Here is the parmas i passed to run_job_flow
Name='AutmateEMR',
ReleaseLabel='emr-4.6.0',
Instances={
'InstanceGroups': [{'InstanceCount':4,'InstanceRole':'CORE','InstanceType':'r3.8xlarge','Name':'slave'},{'InstanceCount':1,'InstanceRole':'MASTER','InstanceType':'r3.8xlarge','Name':'master'}],
'Ec2KeyName': 'MyKey',
'KeepJobFlowAliveWhenNoSteps': True,
'TerminationProtected': False,
'Ec2SubnetId': 'id',
'EmrManagedMasterSecurityGroup': 'value',
'EmrManagedSlaveSecurityGroup': 'value',
'ServiceAccessSecurityGroup': 'value',
},
BootstrapActions=[{'Name': 'Install Impala2','ScriptBootstrapAction': {'Path': 's3://coeus/bigtop/impala/impala-install'}}],
Applications=[{'Name':'Hadoop','Name':'Spark','Name':'Ganglia','Name':'Hive','Name':'Presto-Sandbox'}],
JobFlowRole='EMR_EC2_DefaultRole',
ServiceRole='EMR_DefaultRole',
VisibleToAllUsers=True|False,
Tags=[{"Key":"owner","Value":"myname"}],
Configurations=[{"Classification":"hadoop-env","Properties":{},"Configurations":[{"Classification":"export","Properties":{"JAVA_HOME":"/usr/lib/jvm/java-1.8.0"},"Configurations":[]}]},{"Classification":"spark-env","Properties":{},"Configurations":[{"Classification":"export","Properties":{"JAVA_HOME":"/usr/lib/jvm/java-1.8.0"},"Configurations":[]}]}]
This code successfully creates the cluster but when i try to run the MapR jobs like distcp on the cluster it throws this error
"Error: Could not find or load main class org.apache.hadoop.mapreduce.v2.app.MRAppMaster"
I created the cluster using the console and passing same parameters the cluster gets created and I am able to run the MapR commands (Distcp) without having any issues. I am not sure why does EMR cluster created with Boto3 has the issues with hadoop config.

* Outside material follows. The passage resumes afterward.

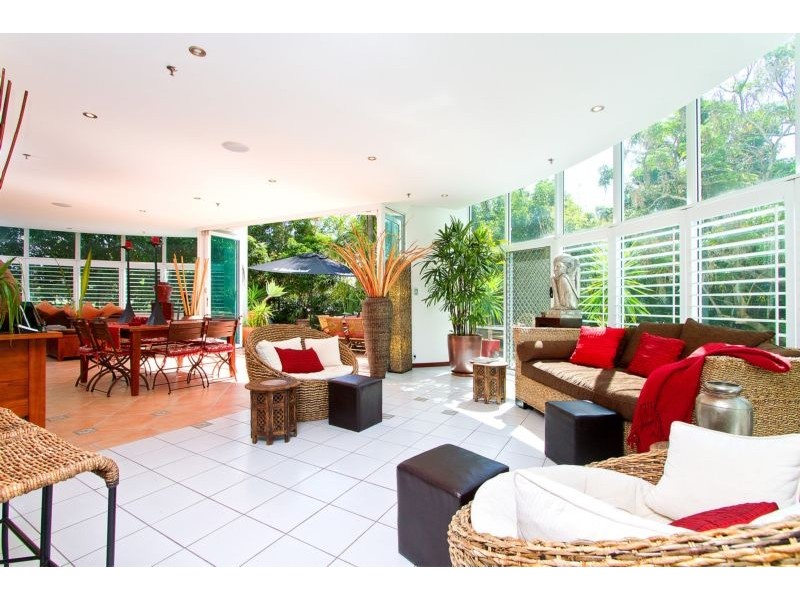3 Tedder Avenue ‘Malibu’, Main Beach QLD 4217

Here is the cli export of the cluster i created using the console.
aws emr create-cluster --applications Name=Hadoop Name=Spark Name=Ganglia Name=Presto-Sandbox Name=Hive --bootstrap-actions '[{"Path":"s3://coeus/bigtop/impala/impala-install","Name":"Custom action"}]' --tags 'owner=myname' --ec2-attributes '{"KeyName":"mykey","InstanceProfile":"EMR_EC2_DefaultRole","ServiceAccessSecurityGroup":"","SubnetId":"","EmrManagedSlaveSecurityGroup":"","EmrManagedMasterSecurityGroup":""}' --service-role EMR_DefaultRole --release-label emr-4.6.0 --log-uri ' ' --name 'automate' --instance-groups '[{"InstanceCount":1,"InstanceGroupType":"MASTER","InstanceType":"r3.8xlarge","Name":"master"},{"InstanceCount":4,"InstanceGroupType":"CORE","InstanceType":"r3.8xlarge","Name":"slave"}]' --configurations '[{"Classification":"hadoop-env","Properties":{},"Configurations":[{"Classification":"export","Properties":{"JAVA_HOME":"/usr/lib/jvm/java-1.8.0"},"Configurations":[]}]},{"Classification":"spark-env","Properties":{},"Configurations":[{"Classification":"export","Properties":{"JAVA_HOME":"/usr/lib/jvm/java-1.8.0"},"Configurations":[]}]}]' --region
I am out of ideas why it should be happening. any help is highly appreciated.